Etoprine, a diaminopyrimidine, is a lipid-soluble inhibitor of dihydrofolate reductase. Etoprine inhibits incorporation of deoxyuridine into the DNA. In male rodents, it affected spermatogenesis and induces infertility. Etoprine is considered to exert antineoplastic activity.

Amonafide L-malate (AS1413, Xanafide) is a DNA intercalator and topoisomerase II inhibitor that induces apoptosis by disrupting chromatin organisation independently of ATP. This is different from classical topoisomerase II inhibitors which induce apoptosis by causing extensive DNA damage. Amonafide L-malate is also able to evade P-glycoprotein and related transporters that contribute to multi-drug resistance. AS1413 had orphan drug status in both the U.S. and the E.U. for the treatment of AML and also received Fast Track status from the U.S. FDA for the treatment of secondary AML. Amonafide L-malate was originated by Xanthus Pharmaceuticals. It was added to Antisoma's pipeline through the acquisition of Xanthus Pharmaceuticals, Inc. in June 2008. Antisoma discontinued development of Amonafide L-malate after data from the open-label, international Phase III ACCEDE trial in over 420 patients showed that 600 mg/m 2 IV amonafide for 5 days plus cytarabine missed the primary endpoint of significantly improving initial remission rate, defined as the proportion of patients who achieve CR or CRi, vs. daunorubicin plus cytarabine.

Cyheptamide is anticonvulsant compound, developed by the Canadian company Ayerst Research Laboratories in the 1960s. Oral administration of compound at 14-25 mg/kg protected mice against the tonic phase of pentylenetetrazole convulsion and maximal electroshock seizure. Anticonvulsant activity of cyheptamide was confirmed in initial clinical studies, but the compound was not marketed.

Metoquizine is a muscarinic acetylcholine receptor antagonist that was used as anti-ulcerative. Information about the current use of this compound is not available.

Citenamide is tricyclic drug, an analog of the anticonvulsant cyheptamide.

Pirazolac is a pyrazole-acetic acid derived from indomethacin. It is a nonsteroidal anti-inflammatory agent. Pirazolac concentration-relatedly inhibited the accumulation of prostanoids in incubates of human gastric mucosa, but this inhibition was less than that by indomethacin and other commonly used non-steroidal anti-inflammatory drugs. Pirazolac was at least as effective as sulindac in the treatment of patients with rheumatoid arthritis. The abnormal activity of neutrophils from patients with rheumatoid arthritis was partially corrected with pirazolac. Patients with ankylosing spondylitis benefited similarly from treatment with pirazolac and indomethacin. Pirazolac was developed in an effort to overcome the adverse gastrointestinal effects of indomethacin. However, more patients with ankylosing spondylitis withdrew from treatment because of intolerable adverse events with pirazolac than with indomethacin in a clinical trial. In patients with rheumatoid arthritis, pirazolac had similar tolerability to sulindac.

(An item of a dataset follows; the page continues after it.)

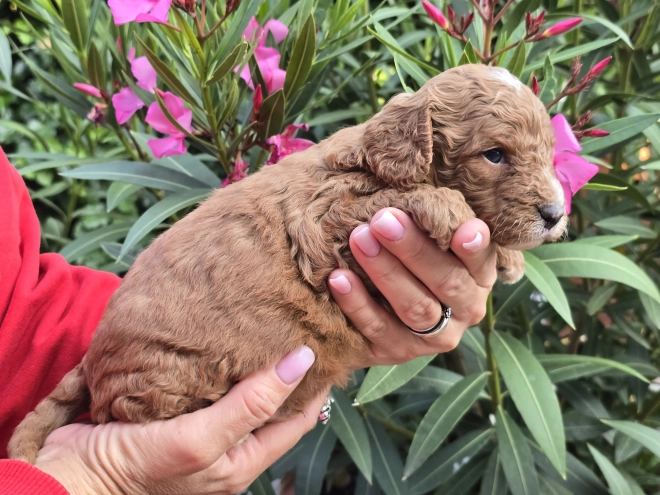 Cavapoo Welpe kaufen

Gaboxadol (or THIP) is a direct GABA mimetic ligand at delta-containing receptors. Gaboxadol went into human clinical trials to test if the drug promoted sleep. It was generally well tolerated. Gaboxadol enhances delta power in NREM sleep in humans. Gaboxadol failed in Phase III for sleep studies. The side effects of Gaboxadol have been described as mild and similar in quality to those of other GABA-mimetics. Gaboxadol is in development with Ovid Therapeutics as a treatment for Angelman syndrome, fragile X syndrome and epilepsy.

Descinolone acetonide (an analog of triamcinolone acetonide) is a glucocorticoid which was developed for the treatment of skin disorders. It was tested on patients with psoriasis and atopic dermatitis, however there is no information about its further development.

Butacetin is an anilide derivative with potent analgesic and antipyretic activity. Butacetin shows marked analgesic and anti-inflammatory potencies in the mouse abdominal constriction assay and the carrageenan-induced rat paw edema. Butacetin has the advantage of demonstrating much lower gastro-toxicity than currently available NSAIDs.